Who do i approach to get the contract changed?

The Etislalat help desk simply said "you signed a contract sir. we are closing your request."

Any ideas?


----------



## twowheelsgood (Feb 21, 2013)

You suck it up as it doesnt matter what you 'intended' as its what you did that matters.

You signed a contract and thats the end of the story.

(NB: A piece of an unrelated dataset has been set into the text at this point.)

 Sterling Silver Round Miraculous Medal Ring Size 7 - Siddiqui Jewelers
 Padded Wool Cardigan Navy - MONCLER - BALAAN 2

Sorry. Learn to read the contract next time.


----------



## Stevesolar (Dec 21, 2012)

kinshu321 said:


> Hello world.
> 
> i got myself duped getting a 2 year etisalat postpaid mobile contract even though i intended to buy a 1 year one.
> 
> ...


Would you like to buy some cheap sand?


----------



## Roxtec Blue (Jan 14, 2013)

kinshu321 said:


> Hello world.
> 
> i got myself duped getting a 2 year etisalat postpaid mobile contract even though i intended to buy a 1 year one.
> 
> ...


Simple case of the age old case of buyers remorse.


----------



## Chocoholic (Oct 29, 2012)

Yip, sadly nothing you can do until the contract expires. I advise people NEVER to get contracts with the providers here - trying to end the contracts and close the accounts is a complete nightmare. ALWAYS go with pay as you go.


----------



## kinshu321 (Jul 21, 2016)

I know. Sad about it, even as i suck it up.

Anyway, i hope that they don't cancel the number when i move out of the country (as my EIDA will get cancelled.

I would hate to pay ~1000 dhs lump sum. i would rather pay 150 dhs a month as bill.

Thanks!


----------



## kinshu321 (Jul 21, 2016)

twowheelsgood said:


> Sorry. Learn to read the contract next time.


Agreed. Expensive lesson, though.


----------



## twowheelsgood (Feb 21, 2013)

kinshu321 said:


> Agreed. Expensive lesson, though.


Not as expensive as it is for a person to learn to read though.


----------



## kinshu321 (Jul 21, 2016)

Are you a lawyer?! 

One part of life's lessons is that you generally become more and more distrusting.


----------



## Stevesolar (Dec 21, 2012)

Hi,
I have a good friend who is a retired accountant.
He spent a lot of time working as an auditor for World Bank and other organisations in Africa.
When I first met him - he gave me a piece of paper with two rules written on it.
They were as follows:-

Rule 1) Trust nobody
Rule 2) re-read Rule1!

Cheers
Steve


----------



## FashionPolice (Jul 26, 2016)

Stevesolar said:


> Hi,
> I have a good friend who is a retired accountant.
> He spent a lot of time working as an auditor for World Bank and other organisations in Africa.
> When I first met him - he gave me a piece of paper with two rules written on it.
> ...


this is a good advice, Steve


----------



## dernawe1 (Jul 25, 2016)

What are you guys talking about? Customer service at Etisalat is so good, helpful and friendly, I'm sure they will help this poor soul out. All he has to do is call ever day, figure out exactly which menu options can actually lead to a real person, and then explain the story to them over and over and over and over. Then be passed over to a supervisor who will clear things up almost immediately (like within 2 years maximum). 

Or you can go into a branch office, pull a number, and die a slow painful death.

Jeez guys, be more positive!


----------